Reddit is a social news aggregation, web content rating, and discussion website. People registered on the website can submit content in links, text post, images, and as comments to other posts.
Similar to Facebook’s likes and Twitter’s favorites, Reddit has an upvote system where users are allowed to vote up or down on others’ posts and comments.
So why reddit data?
We chose reddit primarily because we wanted to explore our favorite movie subreddits. Initially we were thinking of doing sentiment analysis (and looking at change in sentiment over time, for instance: Ben Affleck's Batman casting), but had to reduce the scope due to the arduous task of manually labeling the data.
So we pivoted, and decided to design a model that would predict the number of upvotes a comment might receive.
Notes:
The project started off as a term project for Natural Language Processing (CS 662); It was an open ended group project with another student. Work was divided across the models; My partner worked on SimpleTransformers model (currently not in this repo due to changes in the library), while I worked on FlairNLP and FastAI (currently removed from repo) based models; All work was initially pushed to Github classroom, moved to Github public for further development.

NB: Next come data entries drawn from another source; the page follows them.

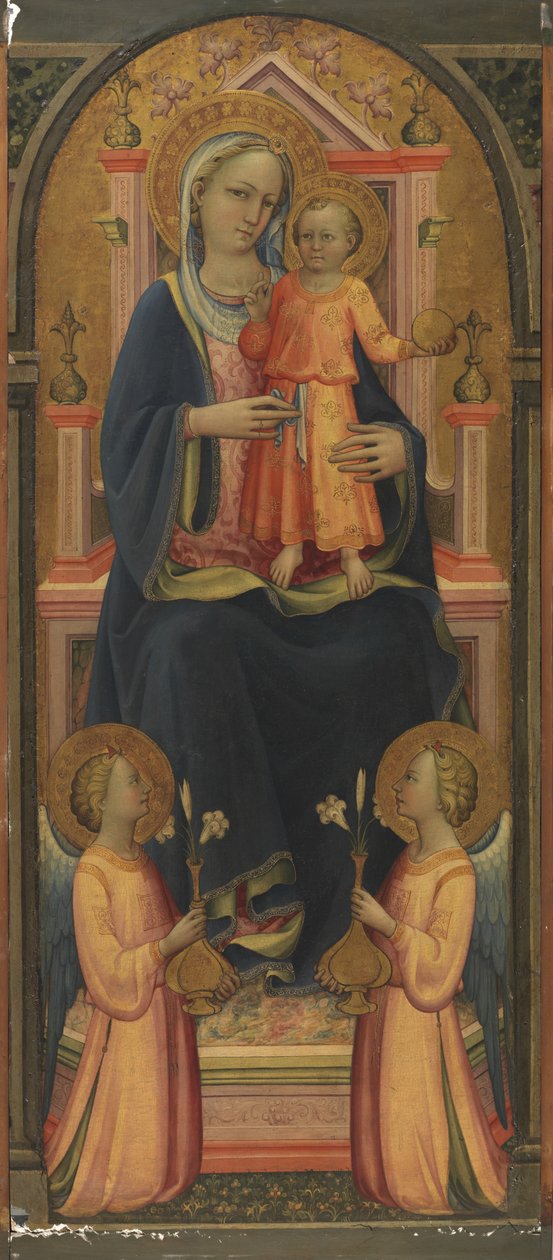 Jungfru och barn på tronen, med två änglar, c.1420-25 av Rossello di Jacopo Franchi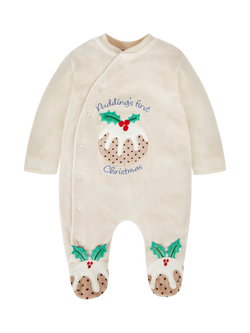 JoJo Maman Bébé Baby Christmas Pudding Appliqué Sleepsuit, Stone, Stone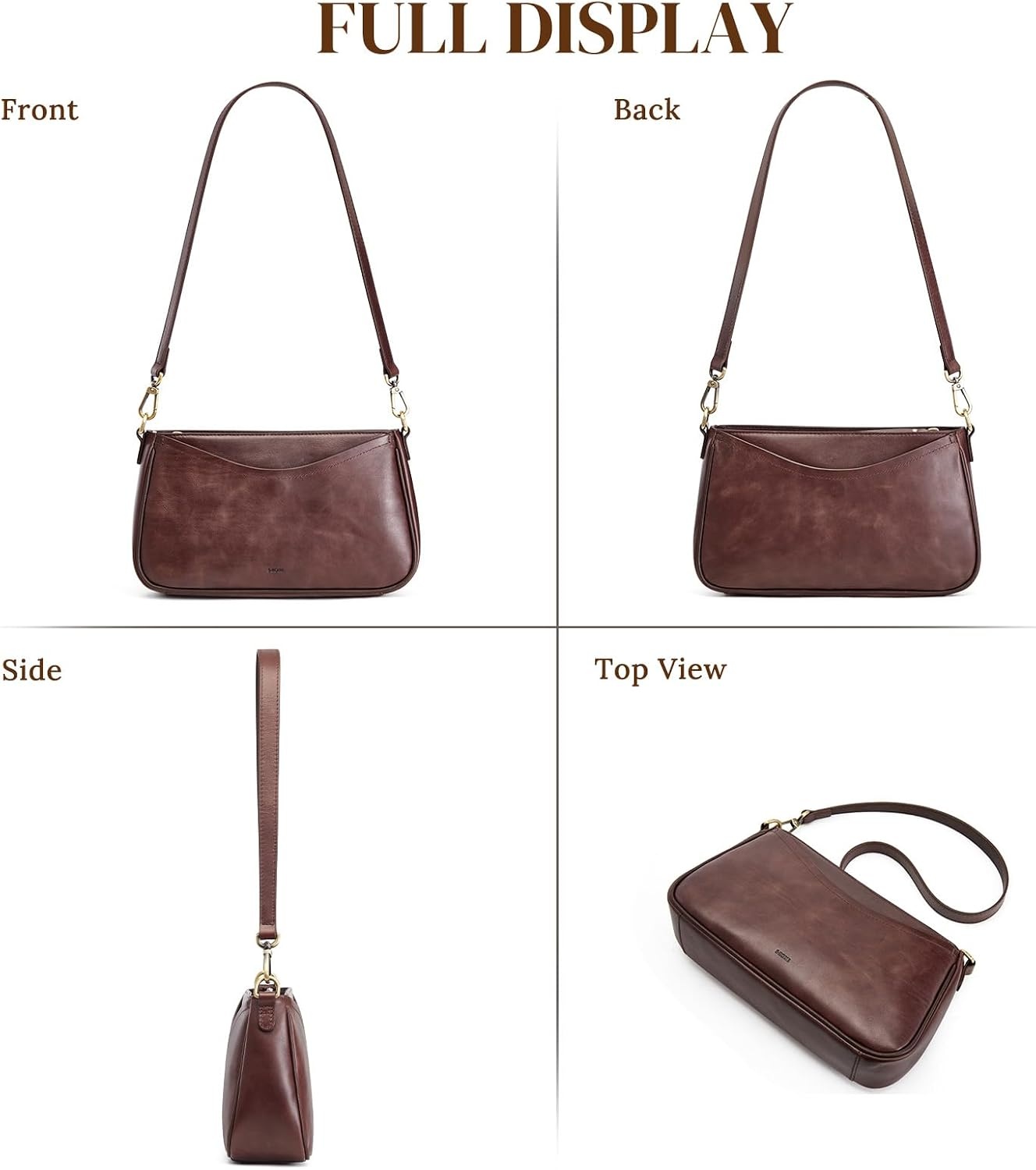 image:imageSZONE Leather Crossbody Bags for Women Small Purses Shoulder Bag TravelDark Brown
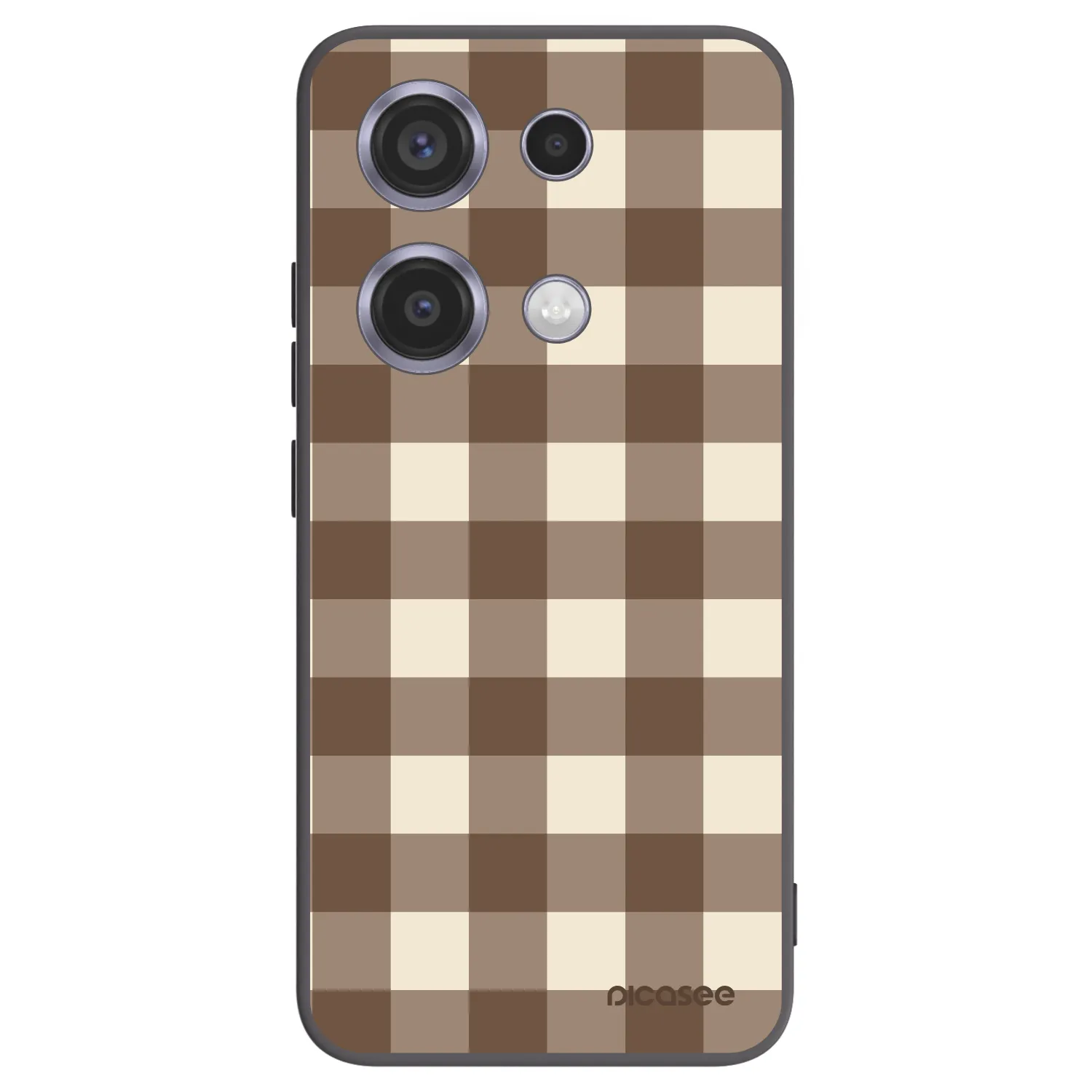 Picasee silikonový černý obal pro Xiaomi Redmi Note 14S - Brown grid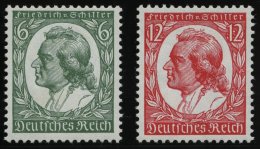 Dt. Reich 554/5 **, 1934, Schiller, Normale Zähnung, Pracht, Mi. 110.- - Gebraucht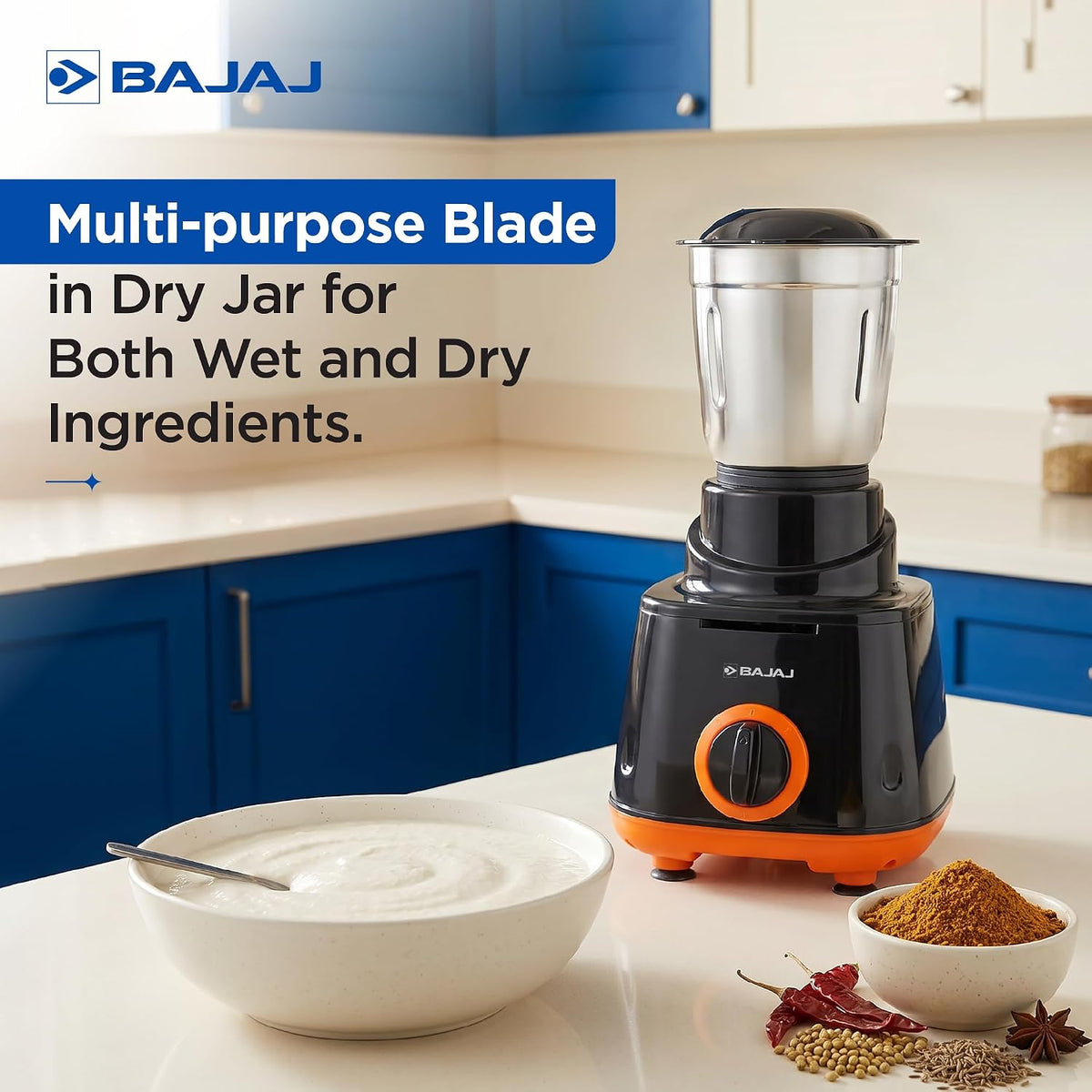 Bajaj Rex 500W Mixer Grinder | 3 Stainless Steel Jars with Multifunctional Blades | Nutri-Pro Feature for Efficient Grinding & Blending | Adjustable Speed Control | 1 Year Warranty | Black & Orange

Popular NLP based models were used because of its relevance within the class. For future work, I would like to go back to basics:
- Rework any existing code, fix bugs and repackage as python code
- Get word vectors (Sklearn's Vectorizer methods) and use them to train simpler and more interpretable models such as Logistic Regression and SVM.
- Repeat the same with word embeddings (Glove/Flair Embeddings)
git clone https://github.com/Jacobjeevan/Reddit-Upvote-Predictor
Run setup.sh to setup Virtual environment and required dependencies.
Create a developer app on reddit, get the client_id, client_secret and replace them in praw.ini file. Also replace username and password fields with respective credentials.
Run fetch_dataset.py to scrape and save relevant information from user input subreddit.
Run preprocess_dataset.py to preprocess and clean the scraped data for training the models.
Run the notebooks under src/reports folder to run the models. Current work also includes converting the models into scripts for future use.